A physical answer would be that in special relativity, we use the Minkowski metric $g=\mathrm{diag}(-1,1,1,1) $ and integrate over the four-dimensional Minkowski spacetime, so the exponent comes from the Minkowski inner product: \begin{equation} i(x^\mu k_\mu) = i(x_1k_1+x_2k_2+x_3k_3-\omega t) \end{equation} This is equivalent to our exponent.

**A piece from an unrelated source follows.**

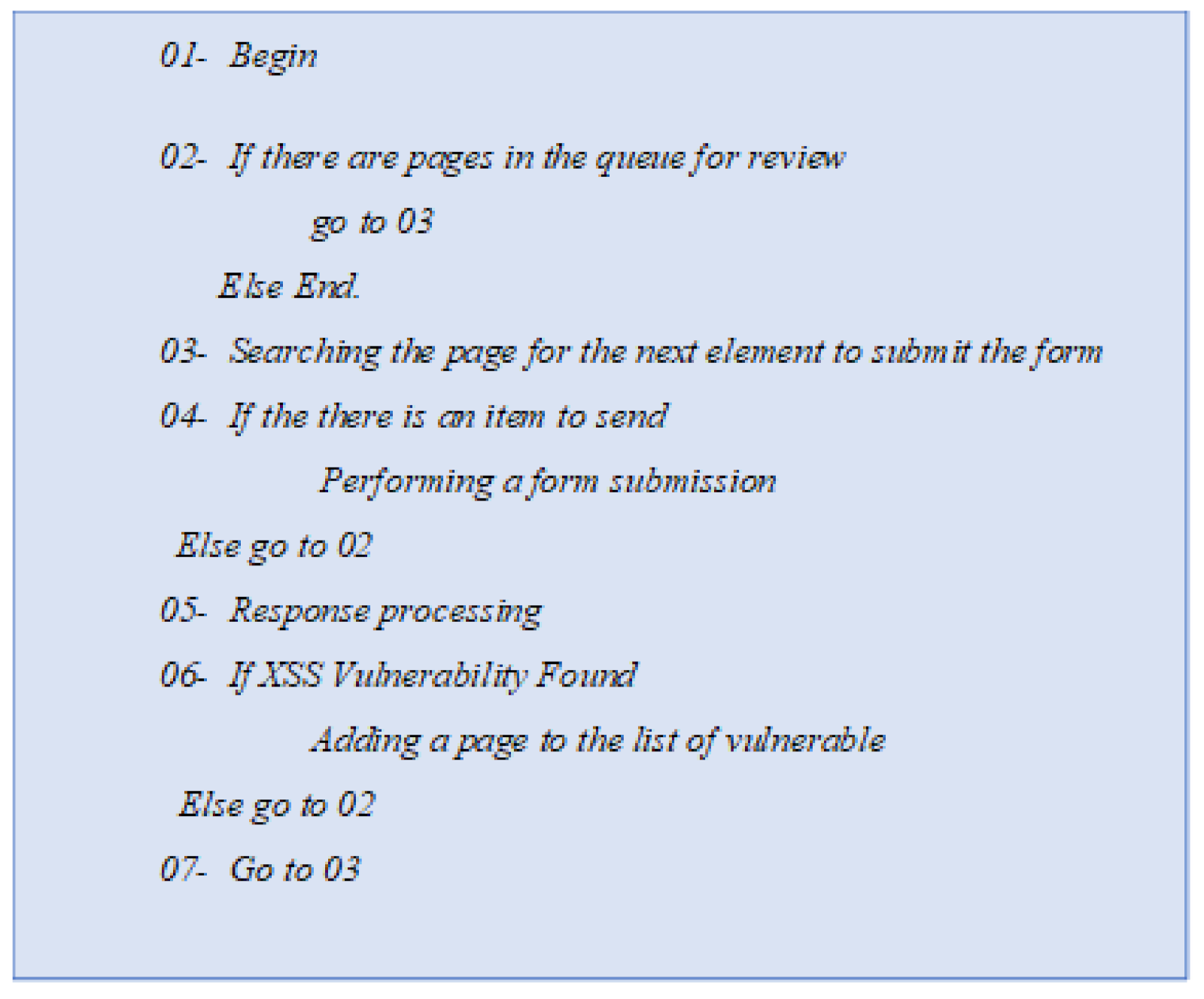 Electronics 11 02212 g003 550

However, people did Fourier integrals like this one before special relativity was a thing. What was their (more mathematical?) reason to choose the signs like that?
Thanks in advance!
I think I figured it out myself.
Mathematically, it does not matter if we use $i(\mathbf k \cdot \mathbf x -\omega t)$ or $i(\mathbf k \cdot \mathbf x +\omega t)$. But it is indeed true that people used a different relative sign for the $\mathbf k$ and $\omega$ terms in the exponent before special relativity and the Minkowski metric. But they still knew that looking at a physical wave propagating in one direction with velocity $c$ at time $t=t_0$ is equivalent to looking at a wave shifted in the opposite direction by $ct_0$ for $t=0$. \begin{equation} r = r_0+ct_0 \iff r - ct_0 = r_0 \iff \tilde r = r_0 +c\tilde t_0 \end{equation} where $\tilde r := r-ct_0$ and $\tilde t_0 = 0$.
So while using the exponent $i(\mathbf k \cdot \mathbf x +\omega t)$ is giving a mathematically valid solution, it is not a solution for physical time $t$, but for a universe where time goes backwards. The direction of time is also included in the Minkowski metric, which is why the explanation using Minkowski space works, too.
I hope that makes sense to anyone having the same question.